Performance: Building directed graph of game scores (0,0) -> (0,1) etc

I’m building a directed graph of possible game scores from (0,0) up to a score of N, together with a dictionary pointing from the score to the corresponding node.

I’d like to make it as efficient as possible. Currently for N = 1000 it’s taking about 1.8s to run on my i7-8550U (1.8GHz) machine.

I’d like to know if this is a reasonable speed, or I could squeeze more out of it, and if so, how.

I’m using recursion to create this; using a while-loop together with a queue slightly slows it down. Here’s the complete code:

using StaticArrays
using BenchmarkTools

const NEXT_SCORE_CONSTANT = [SVector(0,1), SVector(1,0)]
const END_SCORE = 1000

struct MyNode{T}
       data::T
       children::Vector{MyNode{T}}
       parents::Vector{MyNode{T}}
       MyNode(data::T,children=MyNode{T}[],parents=MyNode{T}[]) where T= new{T}(data,children,parents)
end

function constructorProcessNode!(score::SVector{2,Int64}, node::MyNode{SVector{2,Int64}}, nodeDict::Dict{SVector{2,Int64},MyNode{SVector{2,Int64}}})
    if (score[1] < END_SCORE) & (score[2] < END_SCORE)
        for j in NEXT_SCORE_CONSTANT
            nextScore = score+j
            if haskey(nodeDict, nextScore)
                previouslyCreatedNode = nodeDict[nextScore]
                push!(previouslyCreatedNode.parents, node)
                push!(node.children, previouslyCreatedNode)
            else
                newNode = MyNode(nextScore,[],[node])
                push!(node.children, newNode)
                nodeDict[nextScore] = newNode
                constructorProcessNode!(nextScore, newNode, nodeDict)
            end
        end
    end
end

function constructTree()
    nodeDict = Dict(SVector(0,0) => MyNode(SVector(0,0)))
    constructorProcessNode!(SVector(0,0),nodeDict[[0,0]], nodeDict)
    return nodeDict
end

@benchmark constructTree()
BenchmarkTools.Trial: 
  memory estimate:  477.79 MiB
  allocs estimate:  6006056
  --------------
  minimum time:     1.646 s (23.85% GC)
  median time:      1.765 s (29.88% GC)
  mean time:        1.789 s (30.73% GC)
  maximum time:     1.958 s (37.29% GC)
  --------------
  samples:          3
  evals/sample:     1

My initial reaction to this is that it’s really not clear why you need to do this at all. After all, if the goal is just to be able to figure out what the parents and successors of a given score is, why not compute those on-demand? The computation is trivial, since the successors of score (n, m) are just [(n + 1, m), (n, m + 1)], so why are you trying to store all of those ahead of time? In doing so, you end up needing to allocate literally millions of Vectors, so it’s not surprising that that takes some time.

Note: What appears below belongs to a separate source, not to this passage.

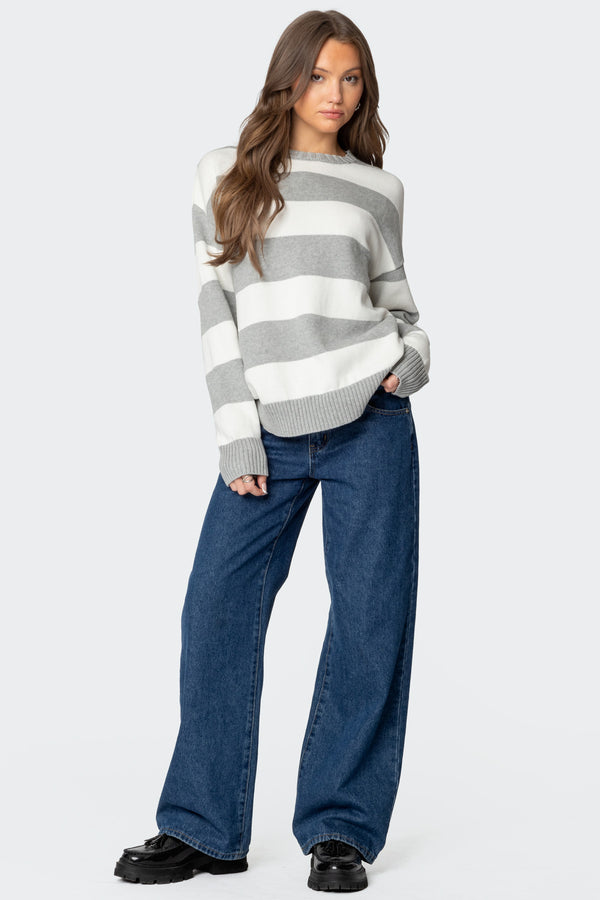 Edikted Richie Oversized Striped Sweater Gray Melange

If you actually need this data structure for some reason, then you could change the children and parents fields to be fixed-size vectors, since there can never be more than two of either (although you’d need to figure out what to put in those vectors for nodes with only one parent or child). But it’s hard to recommend a clear way to improve the performance of the code when it feels like the computation you’re doing isn’t necessary to solve the problem at hand.

@rdeits I’ve built this as a toy example for more complicated games, where the scoring is complicated enough for it to be simpler to do it this way (i.e. tennis, with all its rules about who serves when and tiebreaking sets).I know I’m allocating millions of vectors, but my processor can do billions of operations a second, which is why I’m wondering if I can get more performance out of it.

Hm I’ve translated to C++ and only got a 50% speed boost, I guess my Julia code should be OK then? …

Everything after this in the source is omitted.